In quanto segue ci si sofferma sulla terza raccolta, contenuta in Pr 22,17-24,22. Probabilmente di epoca monarchica (ossia VIII-VII sec. a.C.)[4] è di speciale interesse per i puntuali rimandi a un più antico componimento egiziano, per le speciali caratterizzazioni di matrice giudaica ma soprattutto per le acute osservazioni di carattere pedagogico che contiene. I ragazzi si nutrono delle parole che ascoltano e divengono ciò che “mangiano”, hanno bisogno di confini con cui cimentarsi, per quanto stimolati da sane ambizioni non devono assolutizzare il danaro.

1 “Ascolta le parole dei saggi” (Pr 22,17–24,22)

All’interno del libro questa sezione è facilmente individuabile grazie all’introduzione con cui si apre (22,17-21). Essa si distingue poi da quanto precede e da quanto segue per la struttura in strofe, anziché in distici, nonché per il tono confidenziale, argomentativo e descrittivo, anziché apodittico lapidario. Come all’inizio di Pr 1, anche qui i versetti di apertura delineano la finalità dello scritto, concepito a un tempo perché si rafforzi l’adesione al dio dei padri, Yhwh, e perché si acquisiscano qualità apprezzate in chi sarà chiamato a fungere da consigliere e da messaggero:

Porgi l’orecchio e ascolta le parole dei saggi,
poi applica il tuo cuore alla mia scienza.
18 Saranno invero deliziose quando le custodirai nel tuo ventre,
saranno presto pronte sulle tue labbra.
19 Perché stia in Yhwh la tua fiducia ti istruisco oggi, proprio te.
20 Ecco, ho scritto per te più volte in materia di consigli e di scienza,
21 per farti conoscere con verità parole fidate
in modo da riportare parole fidate a quelli che ti inviano (Pr 22,17-21).

Con grande immediatezza il brano si rivolge all’allievo, facendo riferimento al suo orecchio, al cuore, al ventre, alle labbra. Questi deve usare intelligenza (l’orecchio) e discernimento (il cuore) poi scoprirà che quanto ascolta si deposita in lui come il cibo, perché gli insegnamenti saranno per lui un vero alimento.
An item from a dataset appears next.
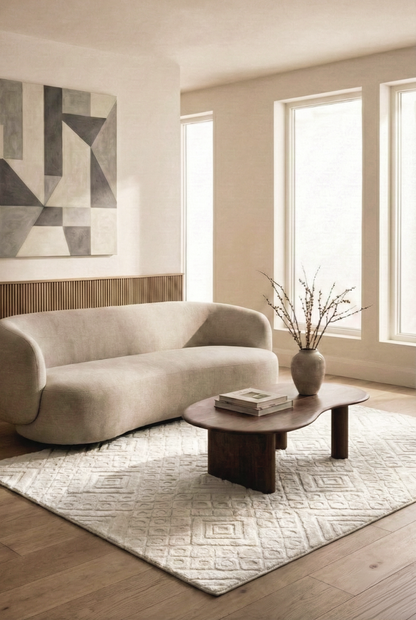 Alfombra Geométrico 140x200cm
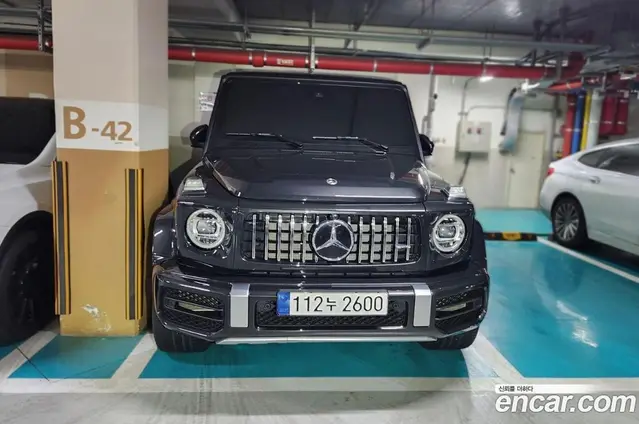 Mercedes-Benz G-Class 2023 2.9 автомат (гидро), миниатюра 1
Il ventre, che in altri passi di Pr è descritto come un magazzino a più stanze (es. Pr 20, 27.30), fungerà quindi da deposito perché al momento opportuno i detti che ha inteso affiorino sulle sue labbra togliendolo d’impiccio. L’alunno è coinvolto nelle sue caratteristiche essenziali: deve mettere a frutto la propria curiosità e ascoltare, mettere in gioco ciò che gli sta in petto (il termine ebraico lēb, “cuore”, indica anzitutto ciò che costituisce il “centro”), fare attenzione alle emozioni di cui il ventre (beṭen) è la sede vitale (cfr. Sal 31,10; 44,26). A scuola sentirà questioni che lo riguardano.
Le parole indirizzate al ragazzo assomigliano a cioccolatini: “deliziose”. Sono per il suo stomaco ma sono pure da ruminare e trovarsi pronte sulle “labbra”. Concretamente il ragazzo dovrà esercitarsi a leggere a voce alta, ripetere delle frasi muovendo la bocca, scoprendo con soddisfazione come siano capaci di saziarlo e come lo irrobustiscano alla stregua di un cibo particolarmente nutriente. Le parole sagge sono in fondo simili al miele (Pr 16,24).
Lo scriba che si rivolge allo studente si accinge a presentare “parole di saggi” e “la (propria) scienza” (v. 17).[5] Ciò che gli offre sarà la sua sapienza, informata da detti che a sua volta ha ricevuto dai saggi (non è necessario scorgere due distinti repertori di insegnamento). Costoro, all’interno di questa sezione, si rivelano essere uomini persino di altre culture, come suggerisce l’uso di termini e stilemi stranieri, nella fattispecie aramaismi e egizianismi.[6] Il v. 20 rimanda in particolare al componimento egiziano noto come L’insegnamento di Amenemope, in cui l’omonimo ufficiale del faraone distribuisce in trenta stanze i suoi appassionati moniti a vantaggio del più piccolo dei propri figli. A “trenta” questioni (šelōšîm) faceva invero riferimento il testo ebraico prima che venisse corretto quando la citazione non fu più compresa.[7]
Tornato alla luce il poema egiziano citato,[8] il richiamo alla sua prima e ultima strofa risulta evidente:

Porgi il tuo cuore e ascolta ciò che è detto,
poni il tuo cuore a intenderlo: è utile metterlo nel cuore,
ma guai a chi lo trascura.
Fa’ che riposi nello scrigno del tuo petto,
sicché faccia da soglia del tuo cuore,
e, quando ci sarà una bufera di parole,
faccia da àncora alla tua lingua.
Se passerai il tuo tempo con questo nel cuore,
lo troverai come una fortuna,
ritroverai le mie parole come un magazzino di vita
e sarà prospero il tuo corpo sulla terra (I strofa: 3,9–4,1).[9]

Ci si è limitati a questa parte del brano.